When I saw the photos of Stewie, I was struck by his similarity to my cat, Oscar, above. Oscar is a Norwegian Forest Cat, and this breed is thought by some authorities to be the originator of the Maine Coon. Forests Cats have a long and interesting history. They apparently evolved from cats brought to northern Europe several thousand years ago, developing physical characteristics that would enable them to withstand long, cold, snowy winters.

Forest Cats - "skoggcats" - have incredibly luxuriant coats. The dense and woolly underfur is cloaked in long, non-tangling silken guard hairs, and the pelage is longer on the cat's lower side - the better to shield it when plodding through deep snow. Whiskers up to four inches long project from a rather large face, and the head is tipped with big lynx-like ears. These ears are also protected with tufts of fur, the better to keep them warm and free of blowing snow.

The tail of a Forest Cat - and nearly all of these descriptors apply to Maine Coons - is a marvelous appendage. Huge and brushlike, the cat uses it to keep its face warm. When lying in repose, a Forest Cat can wrap the tail over its face like a blanket. They also use the tail to express their moods and feelings, and with some experience an owner can read the cat like a book based on how it holds it tail. Their feet are nothing short of miniature snow-shoes. When fully opened and flexed, the paws of a big cat can nearly equal the palm of your hand in circumference. This is a great adaption for moving through deep snow.

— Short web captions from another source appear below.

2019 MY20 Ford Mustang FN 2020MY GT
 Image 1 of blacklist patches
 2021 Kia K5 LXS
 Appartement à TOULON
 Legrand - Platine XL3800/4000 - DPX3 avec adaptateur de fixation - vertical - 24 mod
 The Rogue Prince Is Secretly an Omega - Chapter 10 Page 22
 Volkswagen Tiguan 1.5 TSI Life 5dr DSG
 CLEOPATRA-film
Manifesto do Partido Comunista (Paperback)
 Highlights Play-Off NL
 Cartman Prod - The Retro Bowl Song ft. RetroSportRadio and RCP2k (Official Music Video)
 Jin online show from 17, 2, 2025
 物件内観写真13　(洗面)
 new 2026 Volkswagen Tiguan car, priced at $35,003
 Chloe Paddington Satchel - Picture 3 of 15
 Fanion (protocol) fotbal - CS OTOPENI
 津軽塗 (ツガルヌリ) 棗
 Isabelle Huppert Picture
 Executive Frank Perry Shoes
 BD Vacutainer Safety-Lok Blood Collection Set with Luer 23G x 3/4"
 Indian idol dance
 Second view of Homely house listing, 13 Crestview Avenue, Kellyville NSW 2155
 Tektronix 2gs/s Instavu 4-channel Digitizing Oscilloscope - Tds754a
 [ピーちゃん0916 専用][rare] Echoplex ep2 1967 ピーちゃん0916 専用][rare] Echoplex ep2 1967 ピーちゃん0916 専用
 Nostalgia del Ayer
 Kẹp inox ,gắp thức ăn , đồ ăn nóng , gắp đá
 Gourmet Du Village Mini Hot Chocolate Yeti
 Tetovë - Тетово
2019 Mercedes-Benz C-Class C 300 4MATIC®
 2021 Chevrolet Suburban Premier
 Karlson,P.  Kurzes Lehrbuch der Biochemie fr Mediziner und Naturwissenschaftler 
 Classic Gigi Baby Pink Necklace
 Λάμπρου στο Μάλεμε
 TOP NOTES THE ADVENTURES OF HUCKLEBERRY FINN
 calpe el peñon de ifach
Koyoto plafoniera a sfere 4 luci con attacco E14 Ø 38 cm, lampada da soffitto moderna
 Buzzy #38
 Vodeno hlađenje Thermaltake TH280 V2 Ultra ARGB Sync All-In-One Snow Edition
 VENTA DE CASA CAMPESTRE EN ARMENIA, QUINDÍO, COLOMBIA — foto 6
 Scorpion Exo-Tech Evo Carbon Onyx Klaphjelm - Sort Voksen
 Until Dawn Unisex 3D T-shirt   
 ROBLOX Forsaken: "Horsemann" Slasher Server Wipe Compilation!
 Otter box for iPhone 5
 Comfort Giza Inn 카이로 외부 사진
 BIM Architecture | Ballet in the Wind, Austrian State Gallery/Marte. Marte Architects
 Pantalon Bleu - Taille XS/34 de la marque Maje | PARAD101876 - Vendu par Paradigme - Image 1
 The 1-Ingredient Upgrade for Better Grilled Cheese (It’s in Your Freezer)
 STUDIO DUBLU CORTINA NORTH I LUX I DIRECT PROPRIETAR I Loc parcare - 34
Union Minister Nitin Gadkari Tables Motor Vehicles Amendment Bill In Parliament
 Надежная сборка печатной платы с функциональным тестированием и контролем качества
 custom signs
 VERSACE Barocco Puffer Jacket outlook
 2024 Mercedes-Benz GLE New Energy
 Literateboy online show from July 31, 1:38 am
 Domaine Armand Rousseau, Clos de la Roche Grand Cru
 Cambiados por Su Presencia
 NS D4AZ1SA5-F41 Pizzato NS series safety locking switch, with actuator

Vikings used the Norwegian Forest Cat to police their ships, and rid them of rats and mice. Thus, this breed has a terrific history of high seas exploration, and it's likely it was the first domesticated cat to set paw on North American soil. Some think that the Maine Coon Cat - a completely American breed - evolved from pioneering Forest Cats brought here by Vikings.
Oscar doesn't match Stewie in length, but he isn't far behind. I grabbed him a bit ago, and tried to snap a few photos to illustrate his size. This photo shoot brings out another excellent trait of the Norwegian Forest Cat - they have outstanding temperaments. Calm, tolerant, intelligent and peaceful are all good words to apply. Oscar didn't object to being muscled around, although I'm sure he thought I was a buffoon for doing so.

One more. I'd bet my cat, if stretched taut and measured from stem to stern, or nose to tail tip, would be well over three feet. Not as big as new Guiness record-holder Stewie, but plenty big enough.


Dave said…
I had a Maine Coon when I was in high school. He was HUGE! He also beat up a noisy terrier in our neighborhood...what a good kitty!
Jim McCormac said…
Yes, jumbo Maine Coons have little use for yapping terriers and will deal with them accordingly! Cats rule!
WildnOhio said…
Gorgeous cat. Where did you find him?
Russell Reynolds said…
That is one cool kat.. huge!!! Thanks for sharng this. A couple years ago there was a supposed bobcat sighting right down the road , turned out to be a coon cat.
Jim McCormac said…
Oscar found me, and accepted me as his servant :-) Yes, more than a few bobcat sightings can be attributed to large Maine Coons or Forest Cats, I suspect!
Cape May Wren said…
Okay, this is just plain weird: I was on and just watched the video where they were measuring Stewie. Jump over to here and whom do I find?

Yay, yay, YAY--more Oscar pics!!! It's about time... *lol*

I've a NFC/MC mix; he has the looks but not the temperament. If I had tried that photo shoot with him, you would have no cat and a very bloody CMWren in the picture. (Some thanks for saving his life when he was a scrawny, beat-up little kitten.) But I love him anyway.
Buford Nature said…
Thanks for that bit of history on northern domestic cats. I read that the original wildcat didn't live as far north as Norway - too cold for their size and coat. Interesting that humans bred them until they could do so.